# [Task requirements]
Transcribe every entry that follows, word for word, and omit the images.

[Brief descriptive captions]
Start of Block

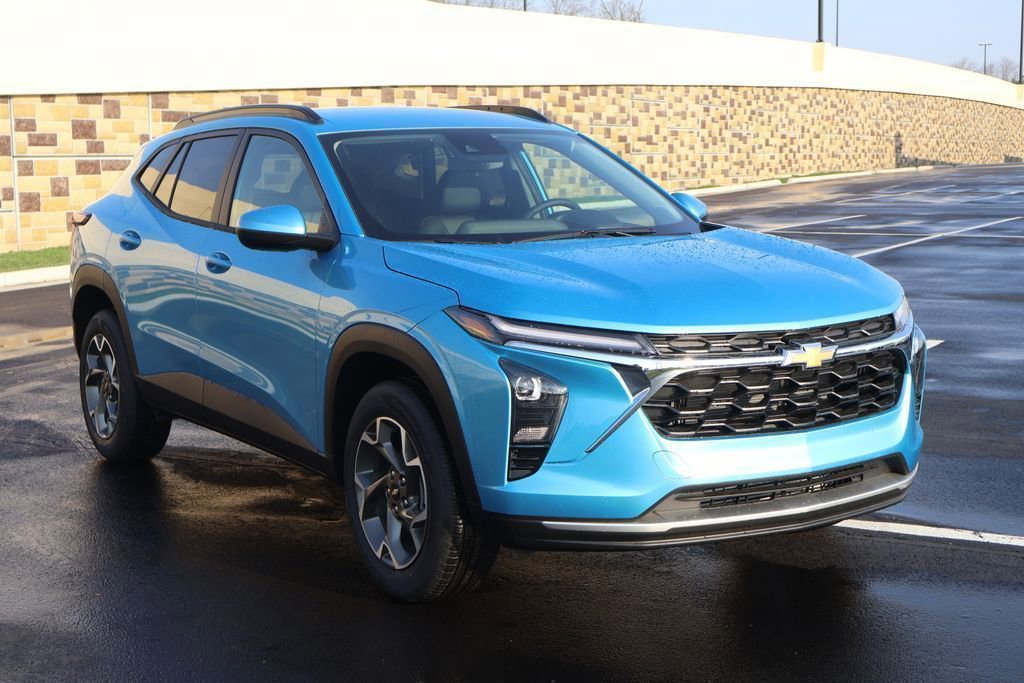 New 2026 Chevrolet Trax LT w/ LT Convenience Package FWD image 10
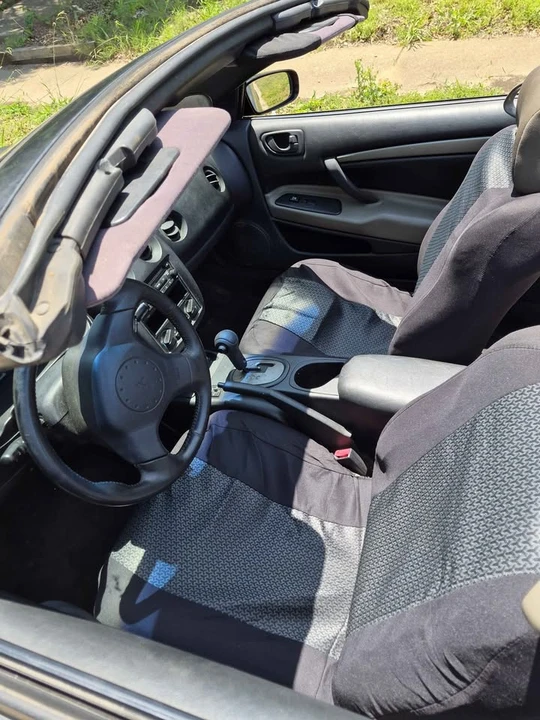 2005 Mitsubishi Eclipse 3rd Gen - Image 6 of 10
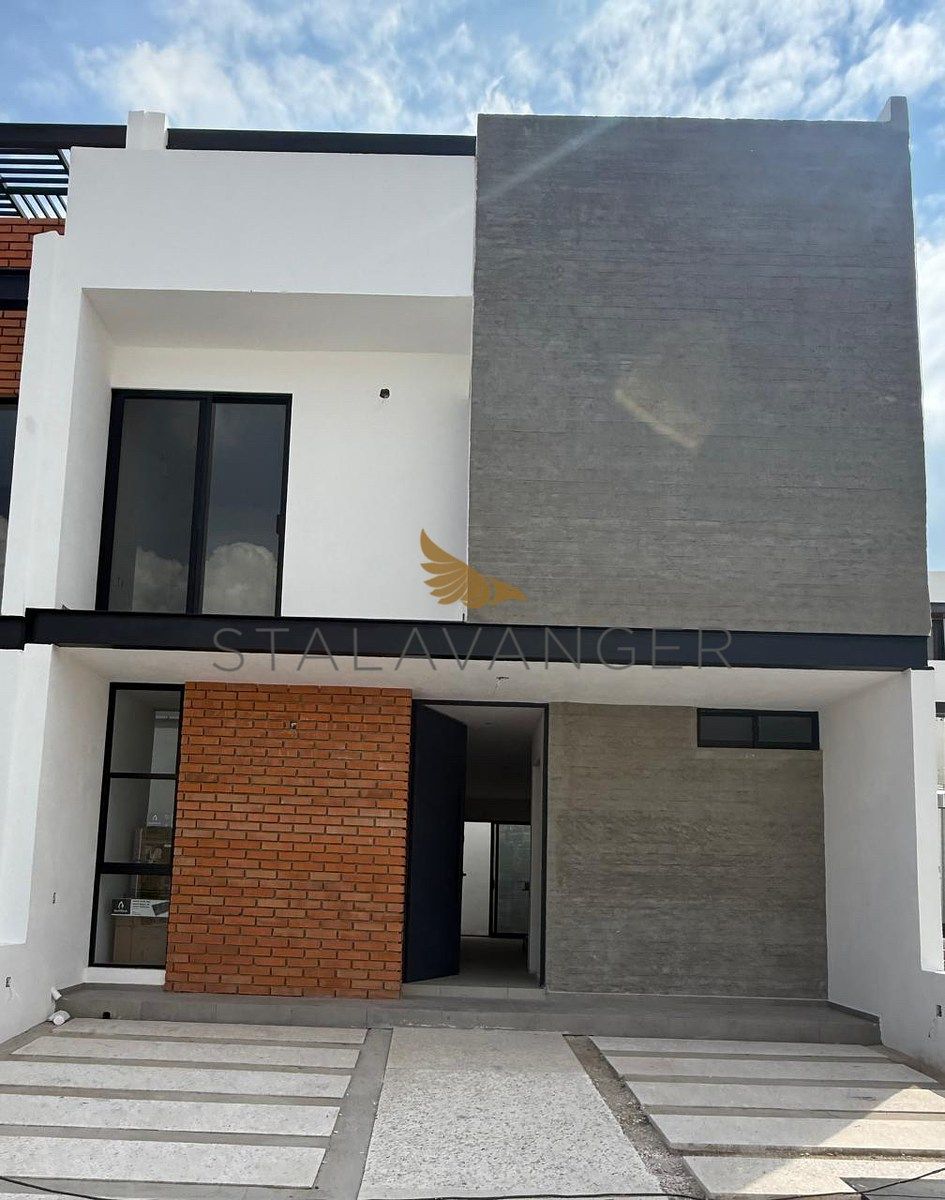 Casa à Venda em Zakia Querétaro | Jardim na Cobertura | Privada Ikaya, foto 1 de 32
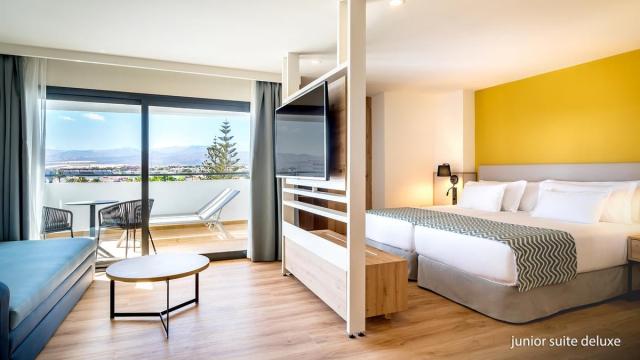 Barcelo Margaritas Royal Level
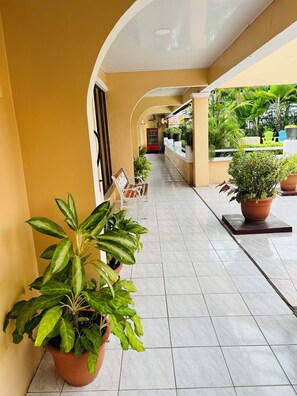 基础双人房或双床房 | 起居区 | 32-英寸LED 电视（配备有线频道）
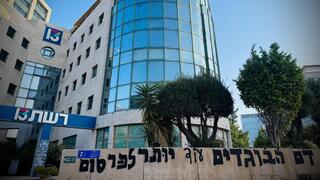 גרפיטי על קירות בניין רשת 13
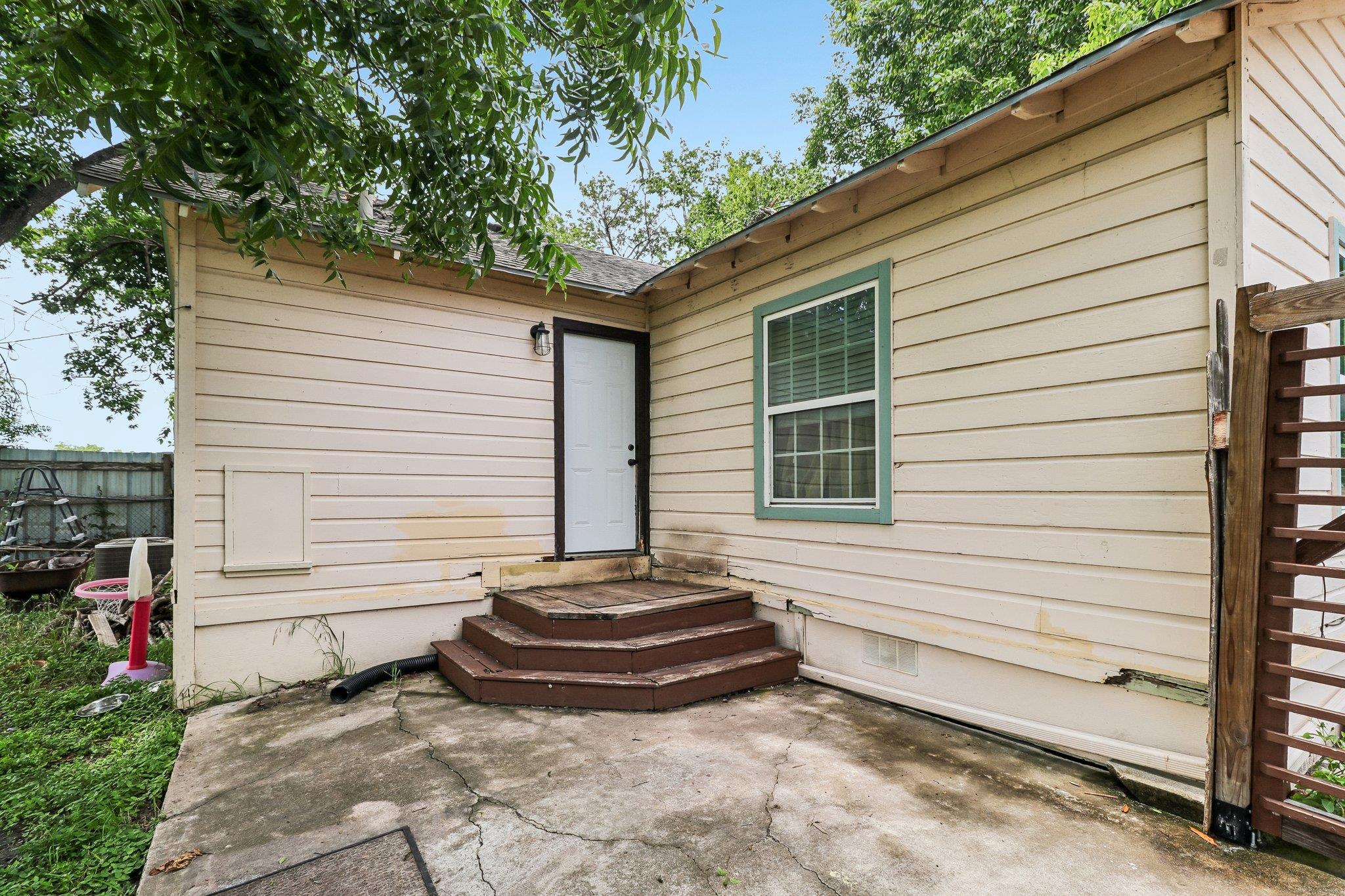 606 E Pecan St Property Photo 26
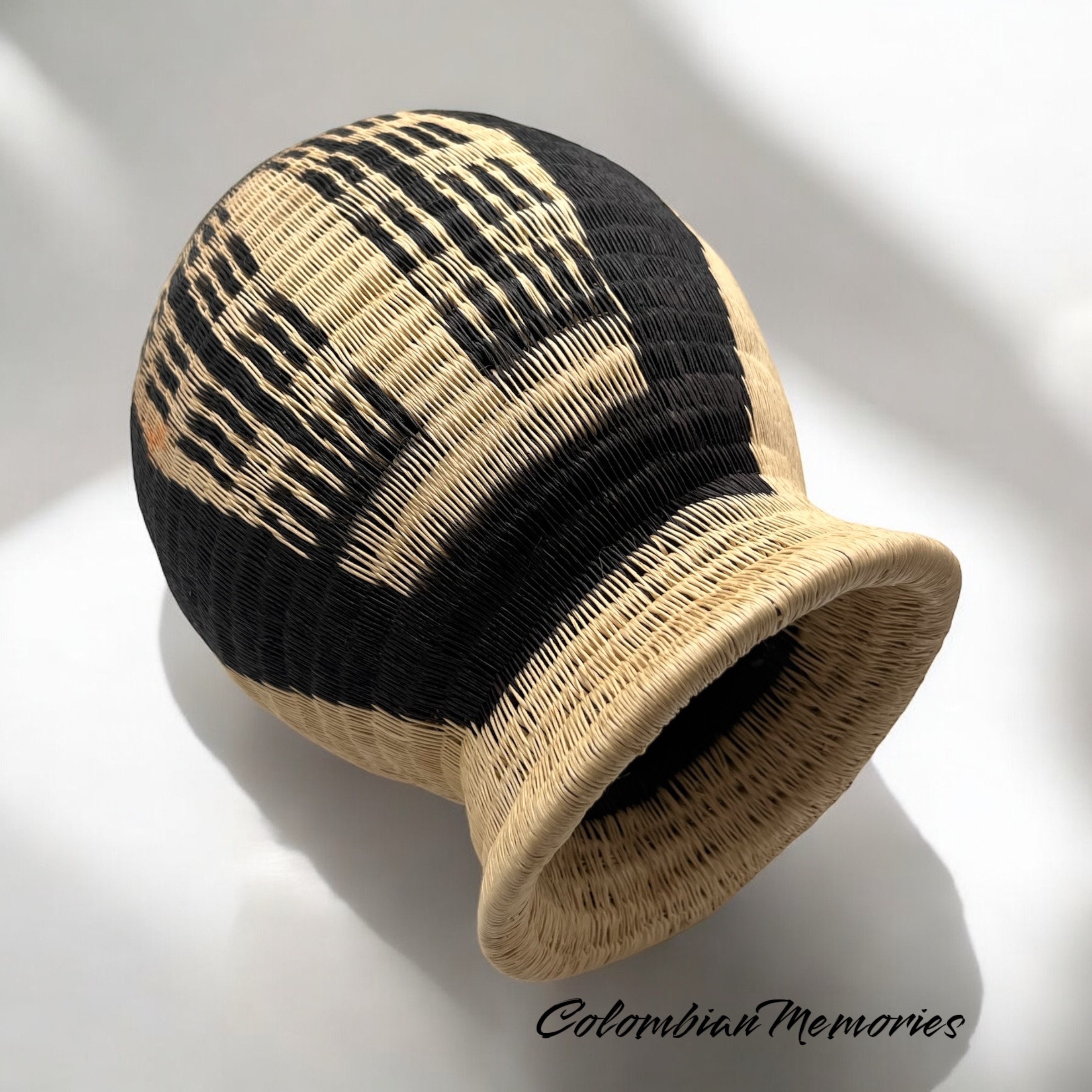 Authentic Handwoven Werregue Basket - Colombian Artisan Craft
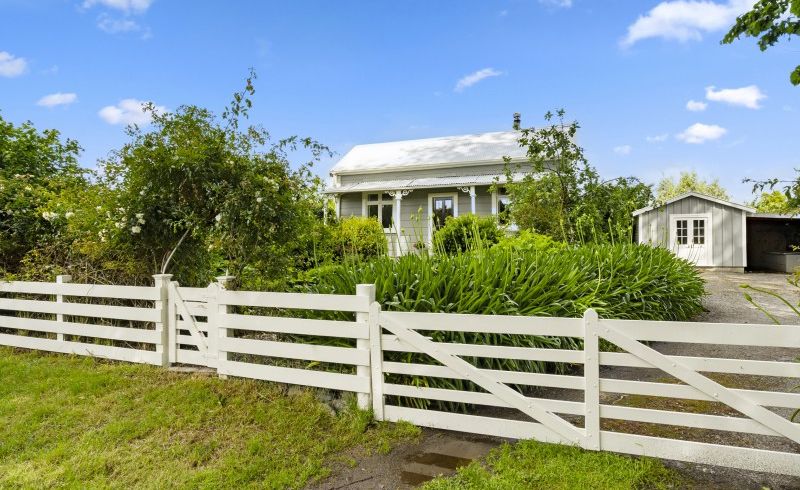  at 90 Cemetery Road, Palmerston North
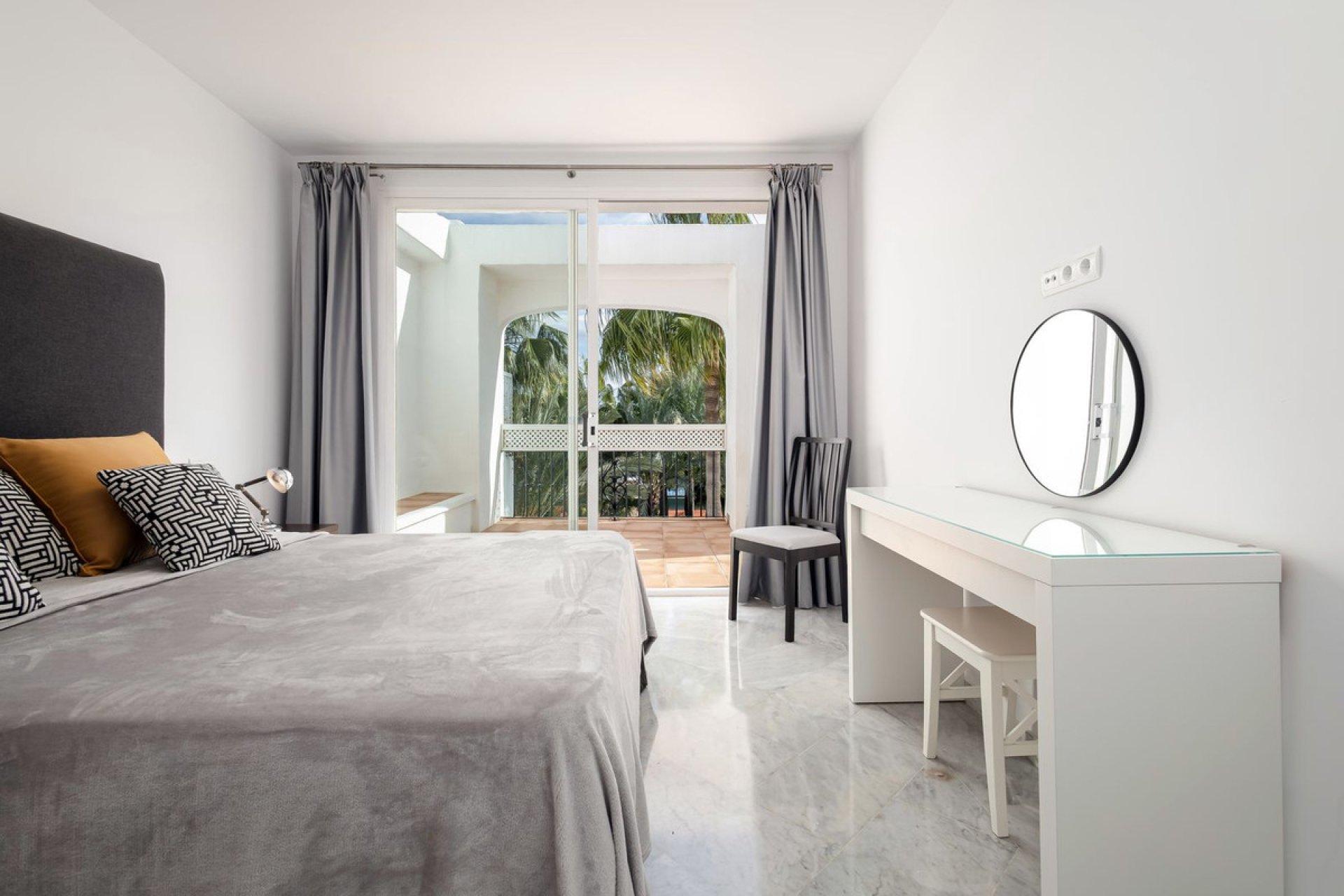 Resale - Apartment - Penthouse - Marbella - The Golden Mile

End of Block

# [Completed task]
 New 2026 Chevrolet Trax LT w/ LT Convenience Package FWD image 10
 2005 Mitsubishi Eclipse 3rd Gen - Image 6 of 10
 Casa à Venda em Zakia Querétaro | Jardim na Cobertura | Privada Ikaya, foto 1 de 32
 Barcelo Margaritas Royal Level
 基础双人房或双床房 | 起居区 | 32-英寸LED 电视（配备有线频道）
 גרפיטי על קירות בניין רשת 13
 606 E Pecan St Property Photo 26
 Authentic Handwoven Werregue Basket - Colombian Artisan Craft
  at 90 Cemetery Road, Palmerston North
 Resale - Apartment - Penthouse - Marbella - The Golden Mile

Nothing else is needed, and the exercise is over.